September 5 – 7, 2014
Yellow Springs, OH, Yoga Workshop out of our Advanced RV
Friday, September 5,
2014: Dry-camping in Yellow Springs
parking lot
Mike and I depart from home at 1:00PM for the 3-½ hour drive
to Yellow Springs, OH, just east of Dayton, OH, where we are participating in a
weekend yoga retreat. It is 89 degrees
F, humid and sunny. We are driving the
Advanced RV model called Pebbles, built on an arctic white standard length
Mercedes Benz Sprinter chassis, with a contemporary, light interior warmed by
brown leather/cream suede twin beds.
This interior, a weekend away and finally being on the road energize
me. After a half hour, I take over the
driving. We enjoy the Coffee House
channel on Satellite radio, which creates a good vibe for what we’ve heard is
the hippie-throw back town of Yellow Springs.
We arrive in this funky village at 4:30PM. First, we find
the Bryan Community Center, where the yoga workshop will be. There is a huge parking lot, the Police
Department is in the building and the center’s bathrooms are open 24 hours, so Mike
suggests dry camping right here. Maybe,
but I have made reservations at John Bryan State Park, two miles away, but since
we were only able to get a non-electric site, we’d be dry camping anyway. But, I’m picturing a lush, green, quiet park
so I am not yet convinced to stay in a parking lot in town. We park on Dayton St., in front of a
Laundromat where two older guys, one with a foot-long white beard, are chatting
on a bench. We walk past small shops and
eateries, and stop in a bike shop for a look.
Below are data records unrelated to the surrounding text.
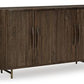 Amickly Accent Cabinet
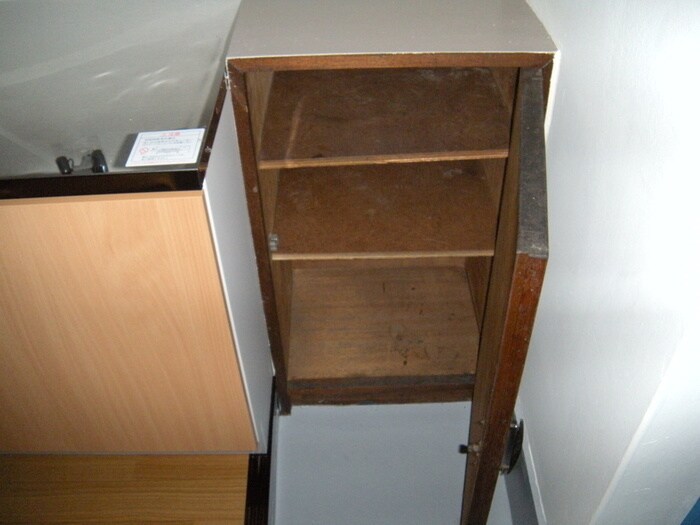 物件内観写真9　(靴箱)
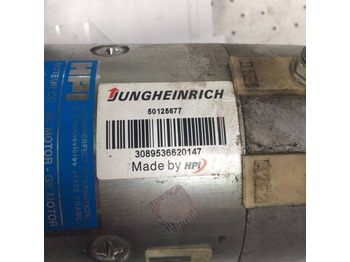 Рулевое управление для Погрузочно-разгрузочной техники Hydraulic Unit for Jungheinrich: фото 5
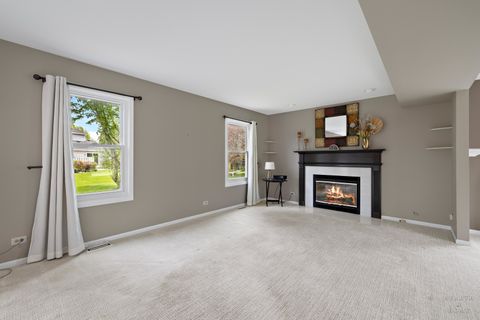 Tiny photo for 75 Hampton Street, Cary, IL 60013 (MLS # 12633529)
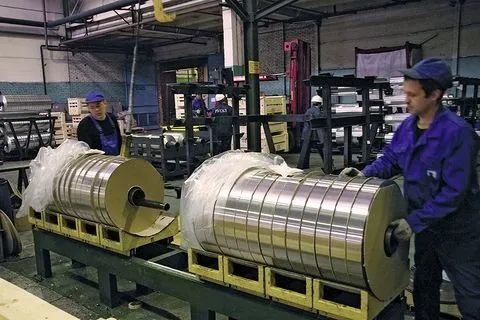 俄乌打架家电涨价?为什么?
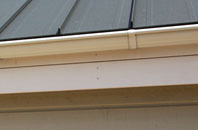 Cresselly soffit repair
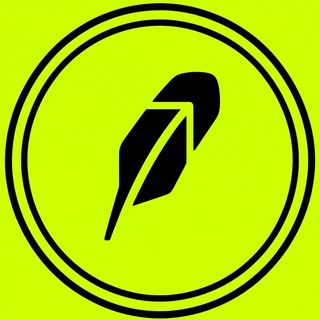 Telegram profile photo for Robinhood Trending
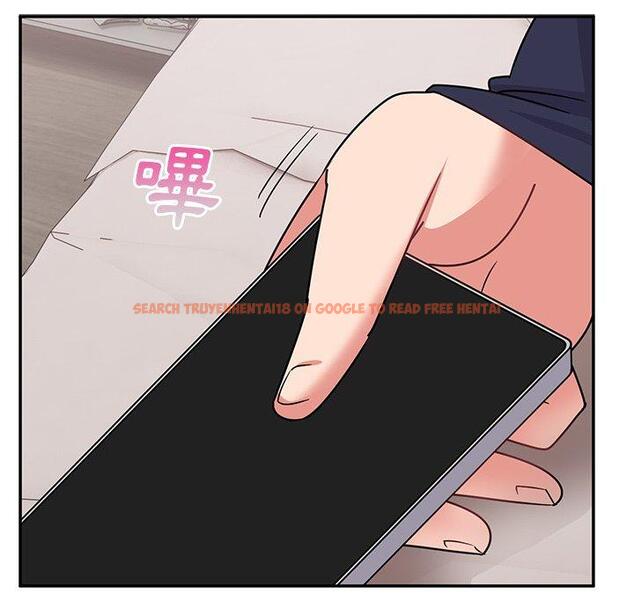 查看漫画頑皮女孩敏兒 - 第34話 - tymanga.com中的1281370图片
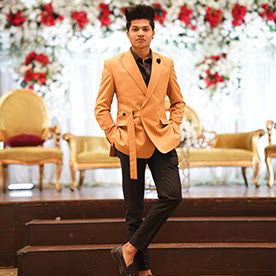 Umer khalid - Multimedia Designer in Doha, Qatar :: Behance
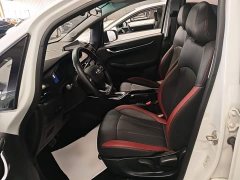 Geely Emgrand X3 PRO 1.5L CVT Luxury - ფოტო 14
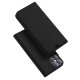 Magnetic Flip with Card Slot Stand Shockproof PU Leather Full Cover Protective Case for iPhone 12 Mini / 12 Pro / 12 / 12 Pro Max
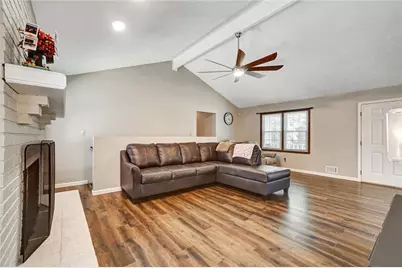2681 Round Ridge Road, Loganville, GA 30052 - Photo 14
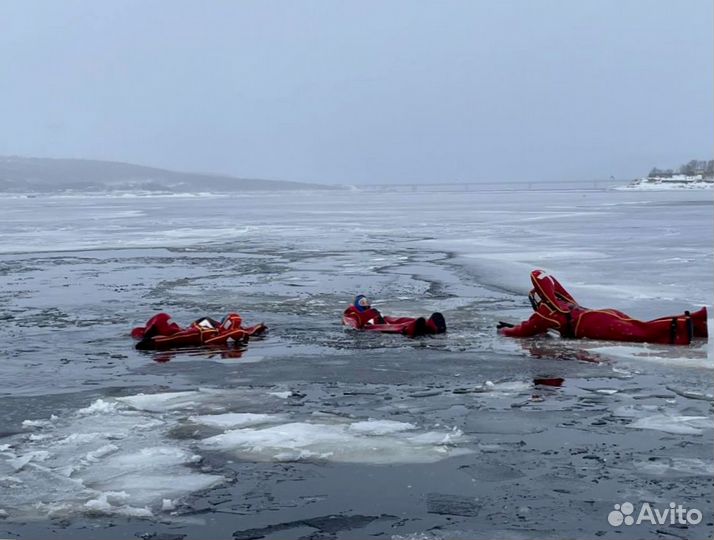 Айс флоатинг Мурманск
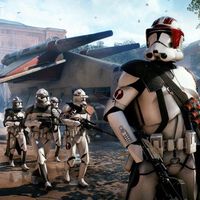 El último gran shooter de Star Wars sigue rompiendo récords, y que cueste menos de 4 euros ha tenido mucho que ver con su nuevo éxito 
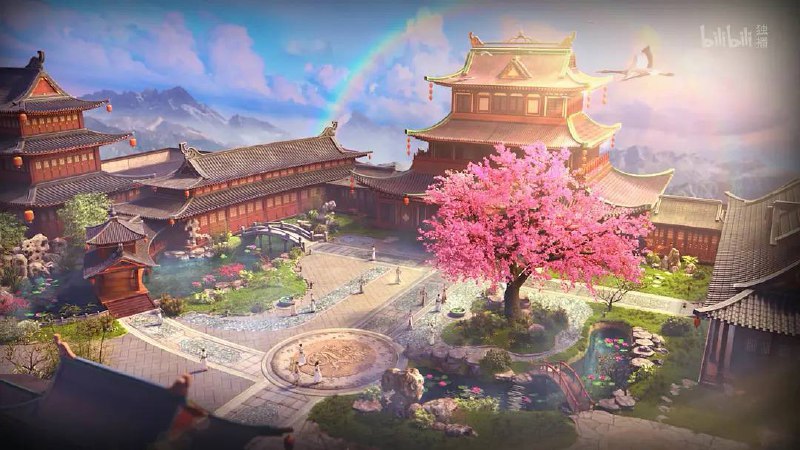 君有云（2022）4K 24 集全 完结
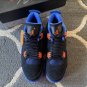 Nike Air Jordan 4 Retro 'Cavs'_1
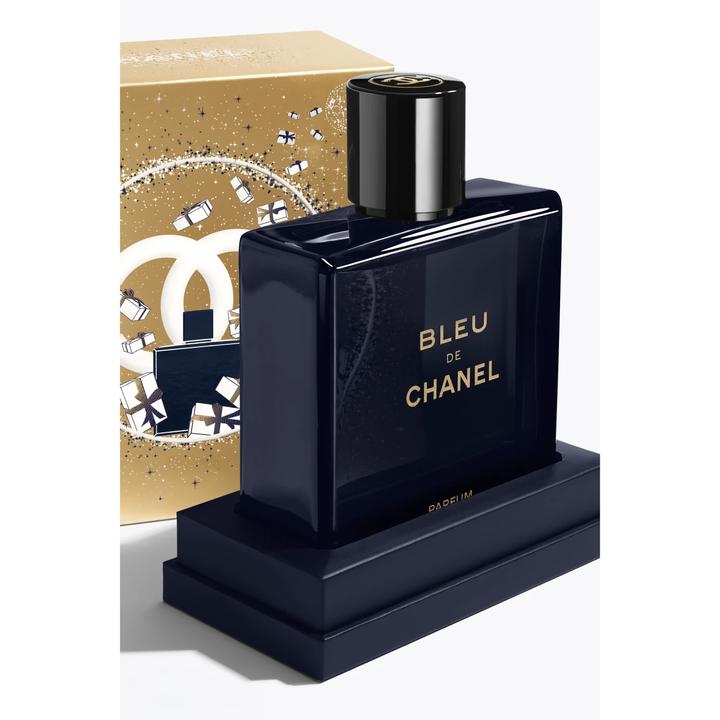 Produktbild Chanel Bleu de Parfum 2023 One Shot (Eau de Parfum, 100 ml)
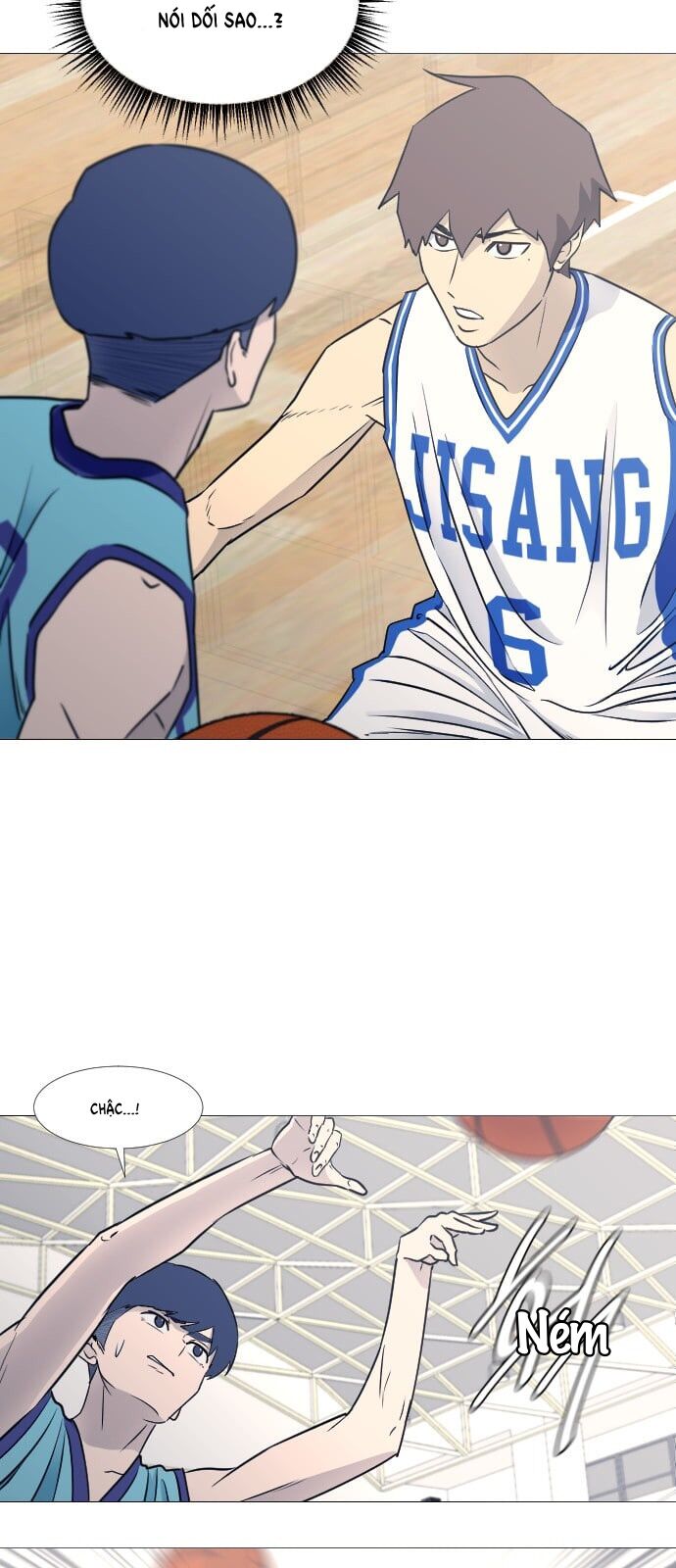 Garbage Time - Chapter 58 - Page 36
On Xenia Ave., the next leg of the triangle which forms the town, we find
the tiny Sunrise Café, where we have an early dinner, enjoying fresh
wheat/rosemary rolls, garlic and rum sautéed flaming shrimp, and veggetti and
beetballs (spaghetti squash topped with vegetarian meatballs). All was delicious. Mike admired the booths and trim all made of
walnut.
We get back to the Community Center at 6PM for the 6:30
session and get the last few spots for our yoga mats. Everyone else apparently knew to get here
early. There are 106 participants on
mats lined up on the gym floor, facing a stage to participate in this workshop
with Erich Schiffmann, teaching the Essentials of Freedom Style Yoga. At 8:30PM, after this first session ends,
Mike talks to the police dispatcher who assures me that it is fine to camp in
the parking lot. We save a trip in the
dark to the State Park and go explore the town at night on foot. At Emporium Wines/Underdog Café on Xenia Ave,
we find a wine tasting and a young band doing 60’s covers interspersed with
their originals. It is a small, age-diverse
crowd, with some people sitting at the few tables, some standing like us among
cases of wine, and a few dancing in front of the band. Everyone is friendly and laid back.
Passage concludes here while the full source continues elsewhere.